[GOAL OF THE EXERCISE] Below are the records; print them again exactly and omit the pictures.
+++
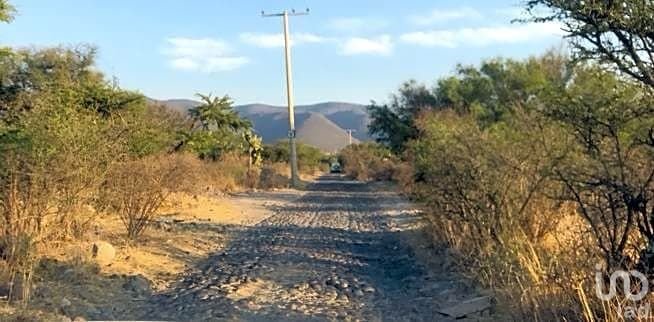 TERRENO DE 21500m2 EN VENTA, SAN MIGUEL DE ALLENDE, GTO.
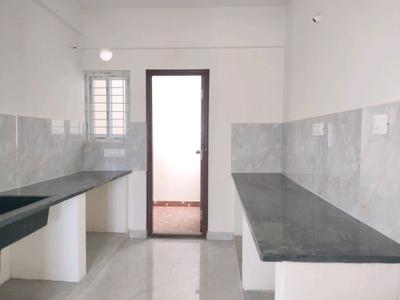 Kitchen Image of 1244 Sq.ft 3 BHK Apartment / Flat for sale in Singasandra Bengaluru for Rs. 8200000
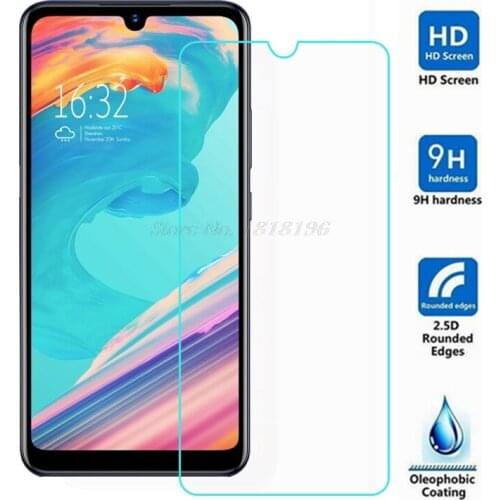Film For LG W10 Alpha Tempered Glass Screen Protector Safety LG W10 Alpha LMX210 LMX210LMW Protective Film 5.71" Screen Glass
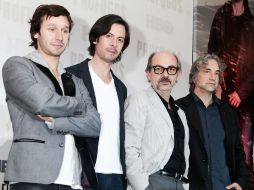 Es la primera serie de acción que se presenta al mundo rodada entre las fronteras de Bolivia y Chile. EL UNIVERSAL  /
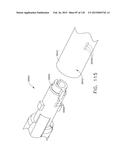 FIRING TRIGGER LOCKOUT ARRANGEMENTS FOR SURGICAL INSTRUMENTS diagram and image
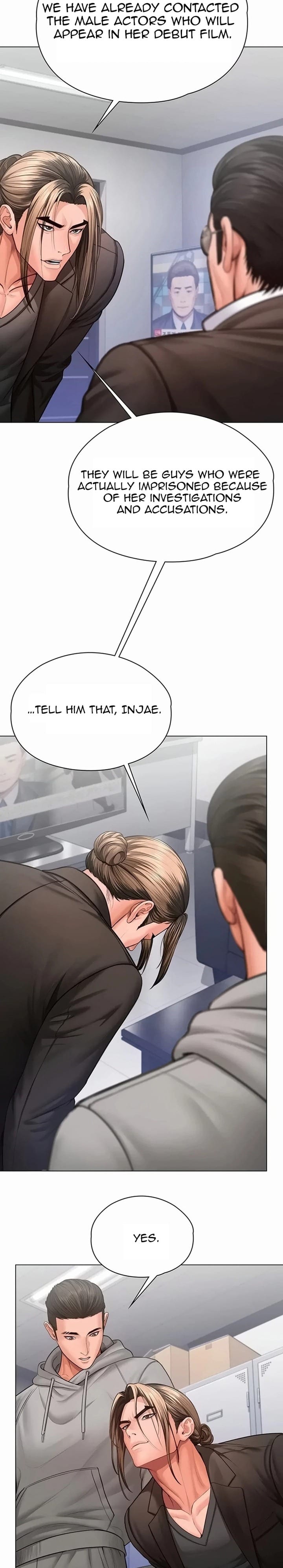 I Will Protect You (Uncensored), chapter 47, page 23 of 25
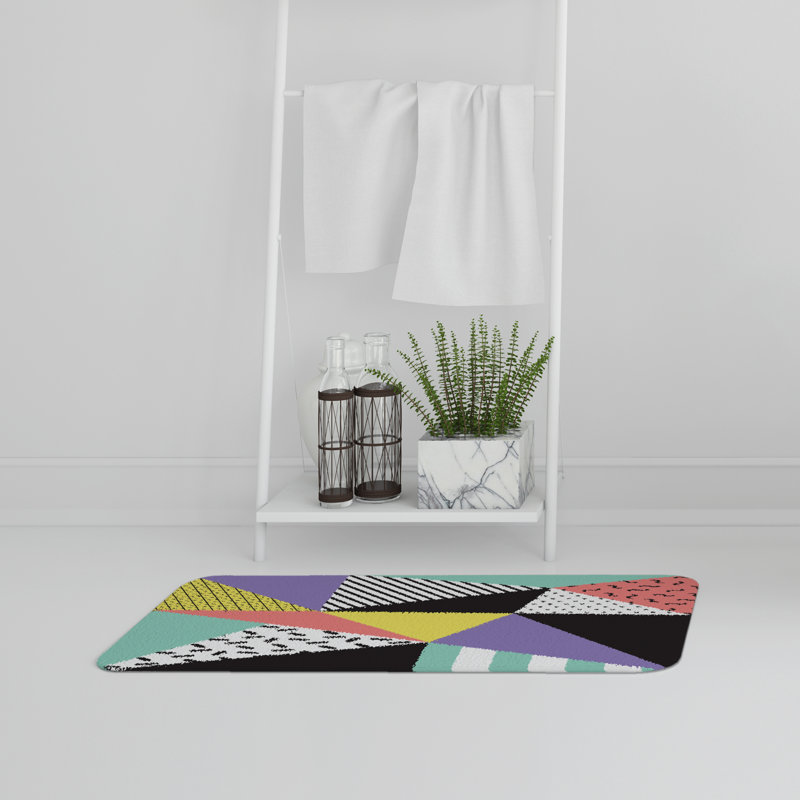 Liev Non-Slip Bath Rug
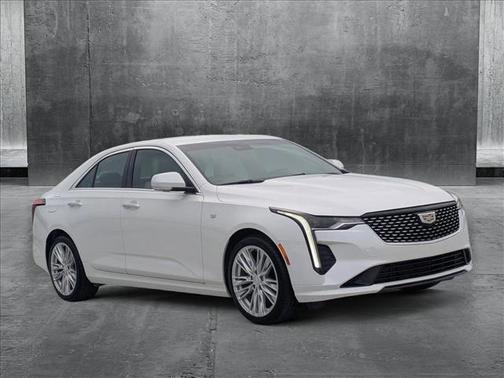 2020 Cadillac CT4 Premium Luxury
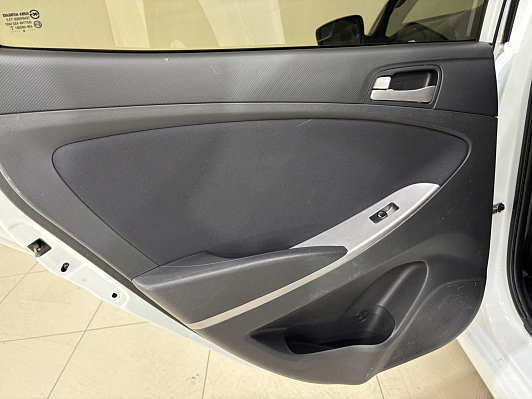 Hyundai Solaris Comfort, 2014 года, пробег 260485 км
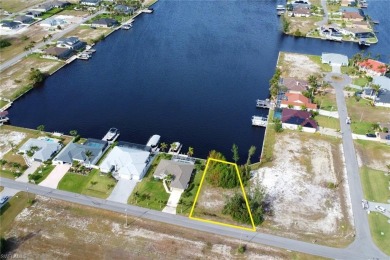 Rather than find your dream home, you can build it on this on Burnt Store Golf Club in Florida - for sale on GolfHomes.com, golf home, golf lot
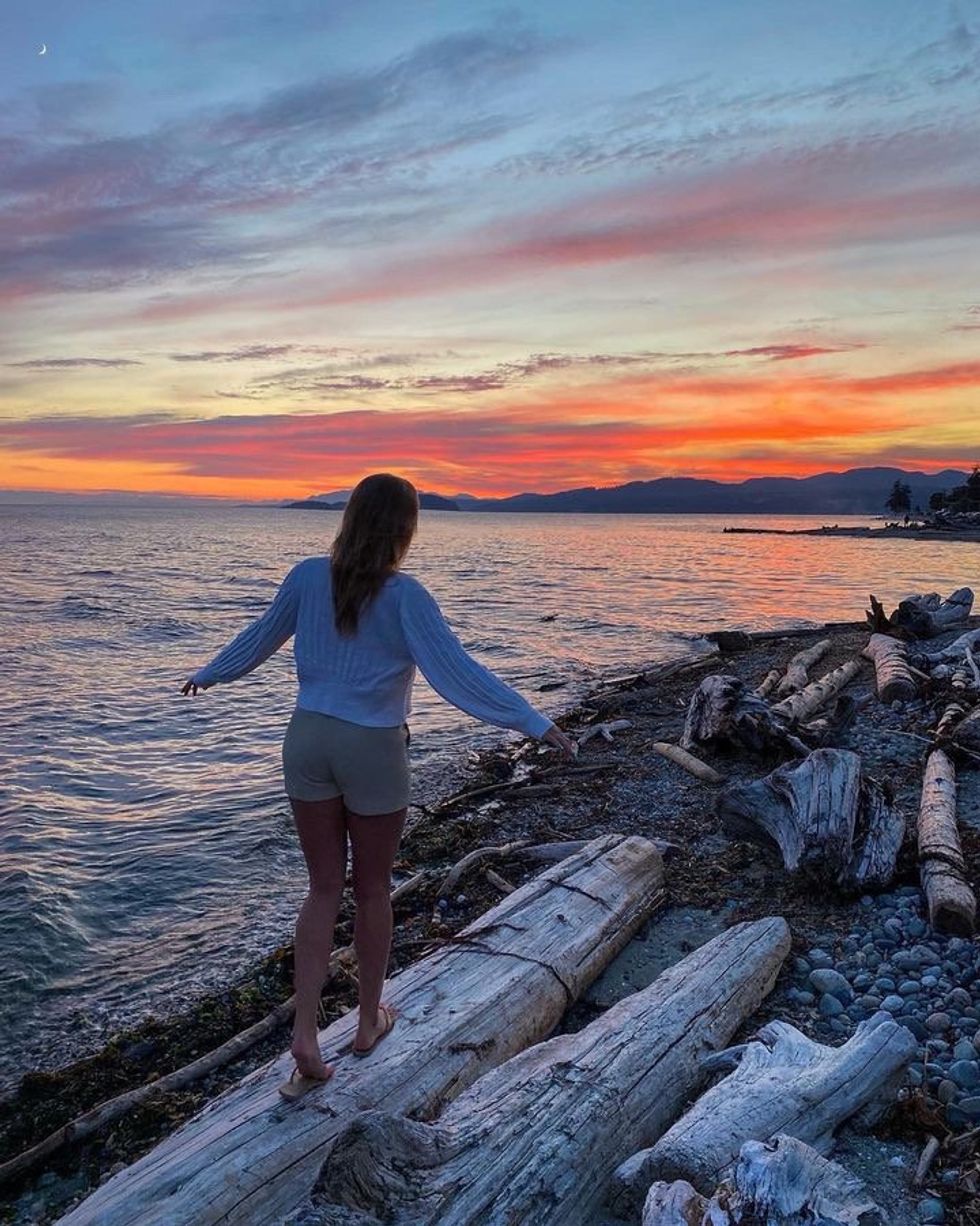 \u200bSunshine Coast in British Columbia.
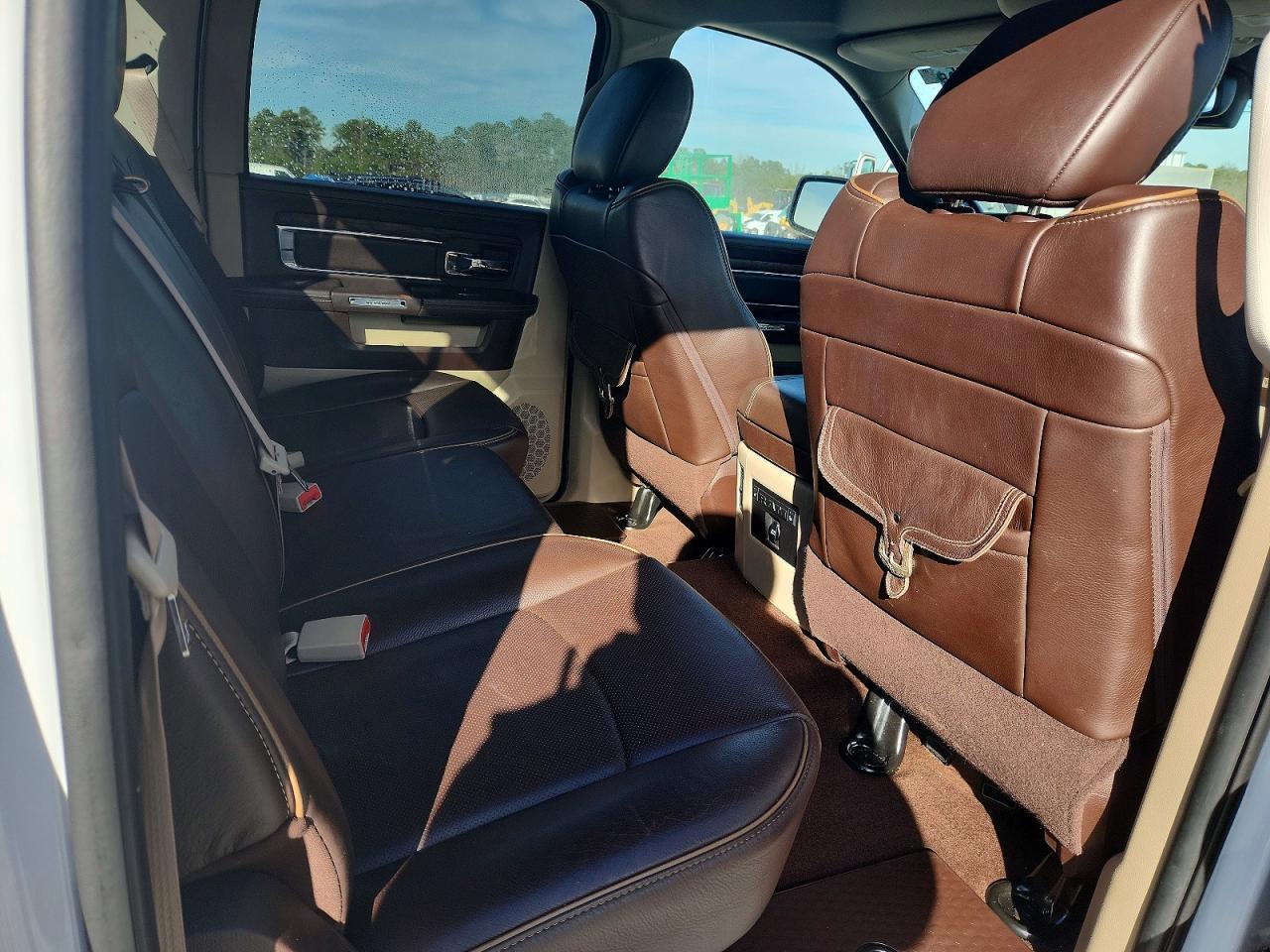2014 Dodge Ram 1500 Longhorn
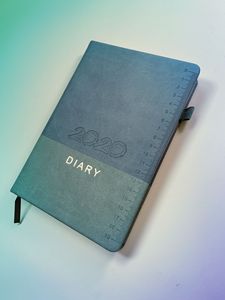Лидер продаж, блокнот-планировщик из искусственной кожи с рельефной линейкой - Product Image 3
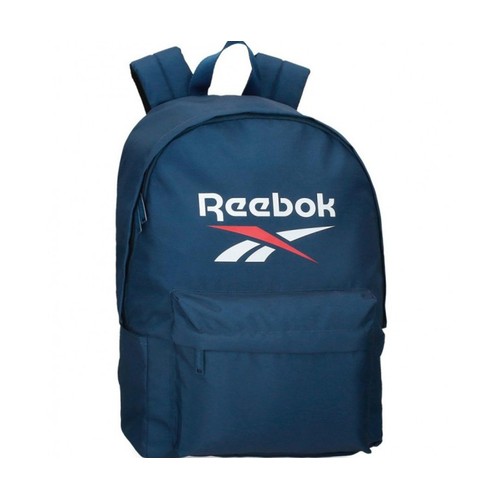 Mochila REEBOK con estuche, colores surtidos.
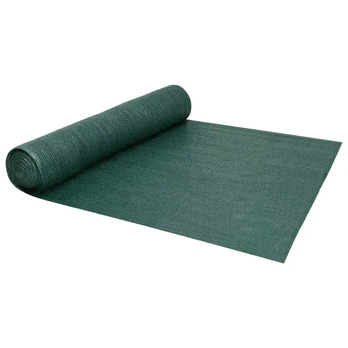 Privatumo suteikiantis tinklelis, žalias, 1,5x25m, HDPE
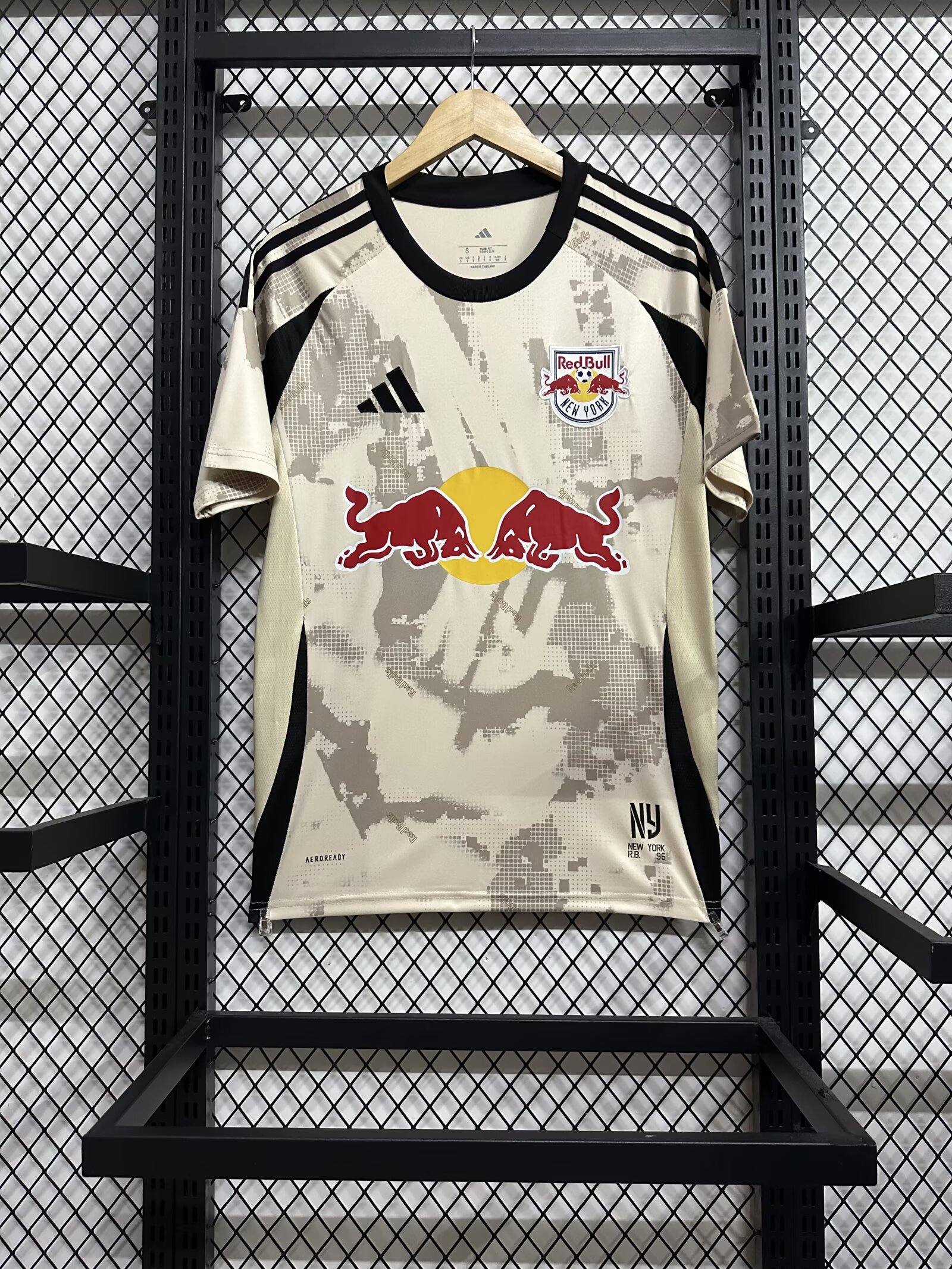 2025/2026 Leipzig Away Football Shirt AAA fan-grade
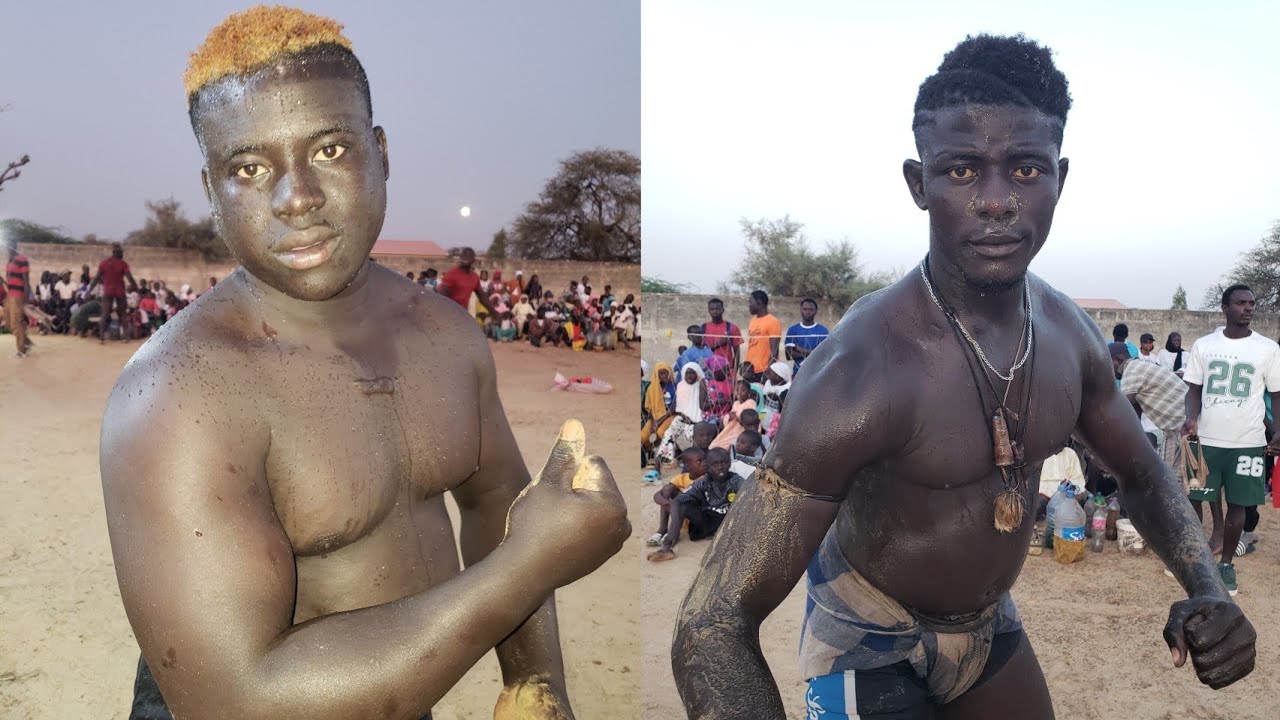 1/2 FINALE POUSSERE : MARTISSE SIWO VS ZOE BASSAR le 12 Avril 2025 à Bassar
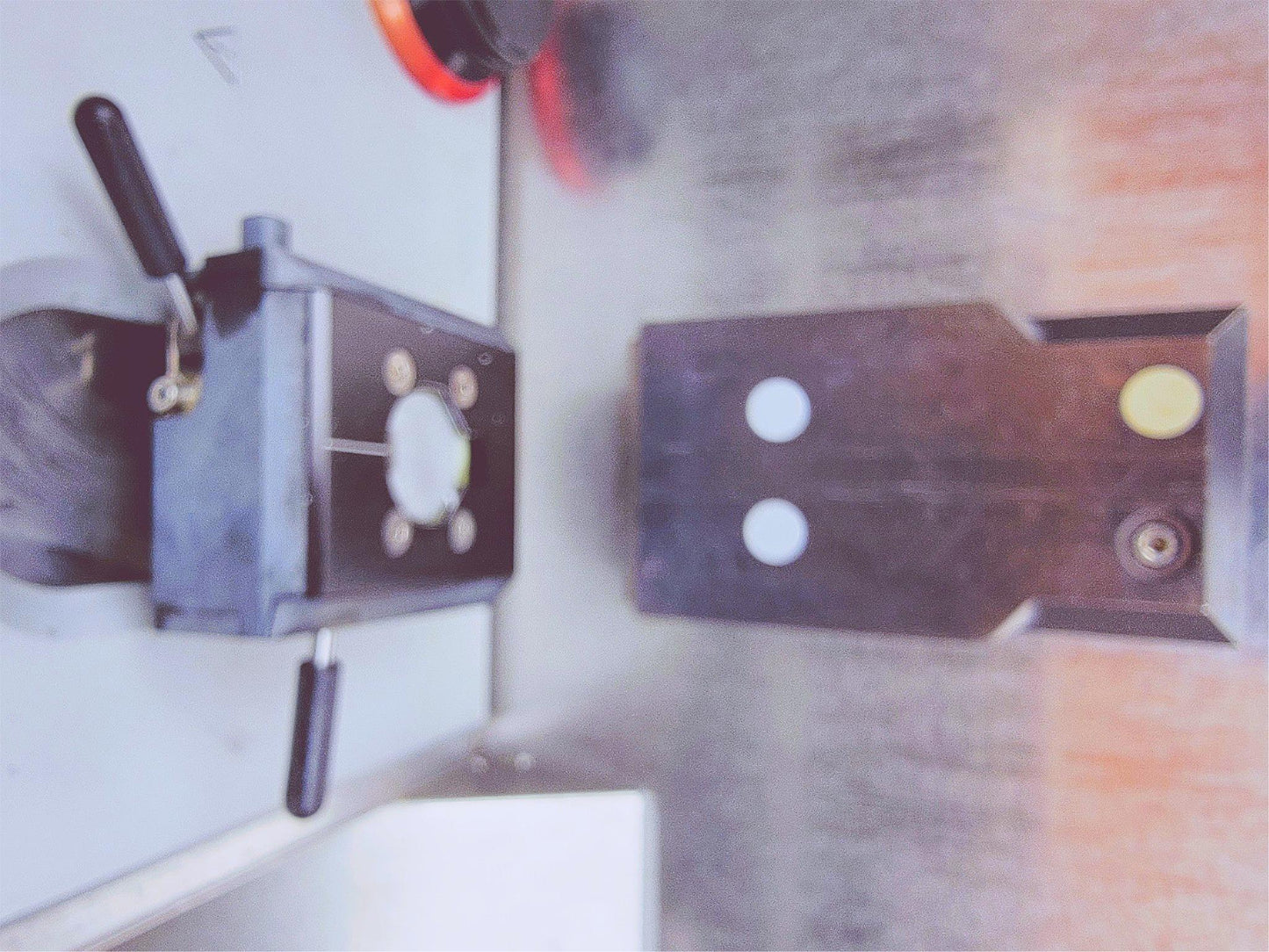 LEICA CM1950 CRYOSTAT VACUUM UV ULTRAVIOLET 60 Hz 120V 90DAYWARRANTY WATCH-VIDEO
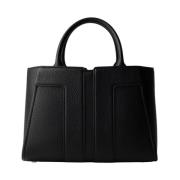 Elisabetta Franchi Resväskor Kollektion Black, Dam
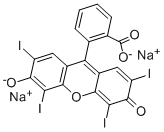 Erythrosin B sodium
+++
[SOLUTION]
 TERRENO DE 21500m2 EN VENTA, SAN MIGUEL DE ALLENDE, GTO.
 Kitchen Image of 1244 Sq.ft 3 BHK Apartment / Flat for sale in Singasandra Bengaluru for Rs. 8200000
Film For LG W10 Alpha Tempered Glass Screen Protector Safety LG W10 Alpha LMX210 LMX210LMW Protective Film 5.71" Screen Glass
 Es la primera serie de acción que se presenta al mundo rodada entre las fronteras de Bolivia y Chile. EL UNIVERSAL  /
 FIRING TRIGGER LOCKOUT ARRANGEMENTS FOR SURGICAL INSTRUMENTS diagram and image
 I Will Protect You (Uncensored), chapter 47, page 23 of 25
 Liev Non-Slip Bath Rug
 2020 Cadillac CT4 Premium Luxury
 Hyundai Solaris Comfort, 2014 года, пробег 260485 км
 Rather than find your dream home, you can build it on this on Burnt Store Golf Club in Florida - for sale on GolfHomes.com, golf home, golf lot
 \u200bSunshine Coast in British Columbia.
2014 Dodge Ram 1500 Longhorn
Лидер продаж, блокнот-планировщик из искусственной кожи с рельефной линейкой - Product Image 3
 Mochila REEBOK con estuche, colores surtidos.
 Privatumo suteikiantis tinklelis, žalias, 1,5x25m, HDPE
 2025/2026 Leipzig Away Football Shirt AAA fan-grade
 1/2 FINALE POUSSERE : MARTISSE SIWO VS ZOE BASSAR le 12 Avril 2025 à Bassar
 LEICA CM1950 CRYOSTAT VACUUM UV ULTRAVIOLET 60 Hz 120V 90DAYWARRANTY WATCH-VIDEO
 Elisabetta Franchi Resväskor Kollektion Black, Dam
 Erythrosin B sodium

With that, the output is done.